An environmental attorney can help guide the energy executive through bench­marks so that the company may obtain authorization for closing down an oil and gas field. Certain considerations must be met, including:

  • Oil leases – Typically, an owner will enter into an oil lease that may dictate when the exploration site can be abandoned and what provisions have to be made after production ceases. An environmental attorney oversees all of the contractual issues pertaining to the lease, from creation of the lease agreement and its enforcement to any potential legal conflicts derived therein. For example, the lease may state the company must abandon the site if it doesn’t meet expected production levels in a given amount of time – which may require contesting of the original lease agreements. The attorney can monitor the timing issues in the lease and help the owner prepare for any contingencies should such an event occur.
  • Operating agreements – Operating agreements can affect the company’s obligations should abandonment be pursued, as well as obligations to clean up contamination and waste. For instance, the agreement may not only require the company to clean up the contamination, but to restore the property to its condition before drilling began – a very expensive proposition.
  • Additional contract supervision – All other contracts must be reviewed, including royalty agreements, unit agreements and profit sharing agreements to determine monies owed in case of abandonment and again, specific requirements of abandonment. Any employment agreements must also be considered.
  • Act as liaison – As I mentioned before, there are a variety of agencies responsible for regulating energy exploration sites and each has specific measures that must be met before authorization for closure can be given. A liaison is needed to correspond with agency officials and to make sure all agency requirements are met.
  • Determine responsibility – Damage and pollution to an oil field’s surrounding environment is many times, an unavoidable and unfortunate occurrence. A comprehensive review of all historical agreements must be made to see who might have accepted what liabilities for clean up in the past. A review of current and former owners can help determine who is liable for environmental contamination in the event the agreements do not provide specific directions for this. An attorney can make a determination, after full due diligence, as to who is ultimately liable for the inevitable environmental cleanup of an oil field once it is abandoned.
  • Cost-benefit analysis – As in most business transactions, the bottom line will ultimately dictate the best course of action. The cost of shutting down an energy production site is exorbitant and must be carefully considered.

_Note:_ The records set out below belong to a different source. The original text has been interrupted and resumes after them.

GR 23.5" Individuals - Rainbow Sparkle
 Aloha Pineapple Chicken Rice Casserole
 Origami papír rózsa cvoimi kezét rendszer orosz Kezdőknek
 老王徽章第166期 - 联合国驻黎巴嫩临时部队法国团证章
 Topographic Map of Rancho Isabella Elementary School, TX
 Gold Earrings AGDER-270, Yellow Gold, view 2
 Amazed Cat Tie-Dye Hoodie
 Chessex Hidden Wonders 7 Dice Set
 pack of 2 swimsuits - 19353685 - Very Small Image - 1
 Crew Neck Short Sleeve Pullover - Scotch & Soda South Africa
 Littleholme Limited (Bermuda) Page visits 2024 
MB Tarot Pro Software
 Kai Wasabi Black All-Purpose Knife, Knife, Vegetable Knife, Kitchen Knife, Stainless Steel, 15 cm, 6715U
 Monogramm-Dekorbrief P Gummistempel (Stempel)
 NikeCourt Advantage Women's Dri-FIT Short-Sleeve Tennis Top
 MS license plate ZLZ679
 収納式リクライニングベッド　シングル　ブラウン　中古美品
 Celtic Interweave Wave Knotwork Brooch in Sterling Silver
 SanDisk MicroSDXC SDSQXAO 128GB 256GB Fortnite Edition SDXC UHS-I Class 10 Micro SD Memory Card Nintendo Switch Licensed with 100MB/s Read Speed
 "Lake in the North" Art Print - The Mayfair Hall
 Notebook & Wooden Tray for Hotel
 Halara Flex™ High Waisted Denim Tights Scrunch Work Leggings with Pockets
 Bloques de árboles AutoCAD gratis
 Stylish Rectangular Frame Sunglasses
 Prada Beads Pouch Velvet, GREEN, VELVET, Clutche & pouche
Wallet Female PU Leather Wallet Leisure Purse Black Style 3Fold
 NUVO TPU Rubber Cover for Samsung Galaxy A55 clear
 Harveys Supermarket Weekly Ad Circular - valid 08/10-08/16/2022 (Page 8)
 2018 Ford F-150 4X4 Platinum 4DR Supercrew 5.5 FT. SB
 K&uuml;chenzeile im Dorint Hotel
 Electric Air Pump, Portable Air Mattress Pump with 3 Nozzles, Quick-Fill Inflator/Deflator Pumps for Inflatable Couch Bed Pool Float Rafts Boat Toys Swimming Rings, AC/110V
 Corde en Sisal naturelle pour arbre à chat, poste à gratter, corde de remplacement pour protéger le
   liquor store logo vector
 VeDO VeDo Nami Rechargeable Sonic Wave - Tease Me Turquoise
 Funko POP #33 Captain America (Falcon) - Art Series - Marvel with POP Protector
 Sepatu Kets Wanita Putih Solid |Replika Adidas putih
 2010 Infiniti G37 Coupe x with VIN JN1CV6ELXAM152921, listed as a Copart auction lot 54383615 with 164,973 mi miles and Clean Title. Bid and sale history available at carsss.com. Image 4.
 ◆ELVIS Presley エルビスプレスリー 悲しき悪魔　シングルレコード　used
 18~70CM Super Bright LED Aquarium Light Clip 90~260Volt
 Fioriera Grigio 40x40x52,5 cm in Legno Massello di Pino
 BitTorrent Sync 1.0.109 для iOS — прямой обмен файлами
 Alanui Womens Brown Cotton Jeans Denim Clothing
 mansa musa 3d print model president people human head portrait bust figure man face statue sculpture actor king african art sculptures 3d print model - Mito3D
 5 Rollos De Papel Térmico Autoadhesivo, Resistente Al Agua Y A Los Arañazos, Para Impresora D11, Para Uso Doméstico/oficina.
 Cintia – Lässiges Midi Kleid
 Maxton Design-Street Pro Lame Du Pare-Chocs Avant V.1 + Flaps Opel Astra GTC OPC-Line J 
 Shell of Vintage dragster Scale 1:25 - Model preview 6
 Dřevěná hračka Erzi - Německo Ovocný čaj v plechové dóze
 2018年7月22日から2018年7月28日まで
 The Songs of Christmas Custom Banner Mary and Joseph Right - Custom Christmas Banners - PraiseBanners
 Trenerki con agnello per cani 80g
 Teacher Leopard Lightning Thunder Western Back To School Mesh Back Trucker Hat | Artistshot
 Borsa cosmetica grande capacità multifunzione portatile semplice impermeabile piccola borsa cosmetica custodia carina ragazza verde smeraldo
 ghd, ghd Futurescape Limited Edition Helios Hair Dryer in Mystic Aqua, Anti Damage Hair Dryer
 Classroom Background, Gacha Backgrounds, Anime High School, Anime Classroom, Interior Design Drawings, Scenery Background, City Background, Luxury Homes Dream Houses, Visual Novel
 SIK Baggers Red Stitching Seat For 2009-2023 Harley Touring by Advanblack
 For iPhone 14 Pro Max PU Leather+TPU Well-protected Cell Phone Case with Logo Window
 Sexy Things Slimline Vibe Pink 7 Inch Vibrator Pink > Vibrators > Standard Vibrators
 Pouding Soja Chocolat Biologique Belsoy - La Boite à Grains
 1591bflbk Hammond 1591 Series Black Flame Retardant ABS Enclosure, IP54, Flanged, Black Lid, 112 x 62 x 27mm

Some questions to keep in mind during the shutdown process are: Is it economically feasible for the company to completely stop energy production and plug the oil wells due to low oil and/or gas production or significant profit loss? Is it more economical to sell the exploration site? Or does it make more financial sense to keep the site running to save the company from financial ruin?

In one case, after analyzing the company’s profits and losses and comparing that number to the costs associated with shutting down the field, we found that it made more sense to keep the site operating to save the company from teetering on the brink of bankruptcy.

An experienced legal representative well-versed in environmental and energy law and legislation can help prepare owners for any issues that arise when abandoning an energy exploration site, as well as help avoid any potential legal pitfalls that may come their way.

Having one of these skilled and knowledgeable legal professionals on your side could be the key to a smooth shutdown process, one in which it’s almost as easy, relatively speaking, as turning off a light switch.

Without such counsel on your side to provide guidance, you’re more likely to find yourself stumbling in the dark for the way out.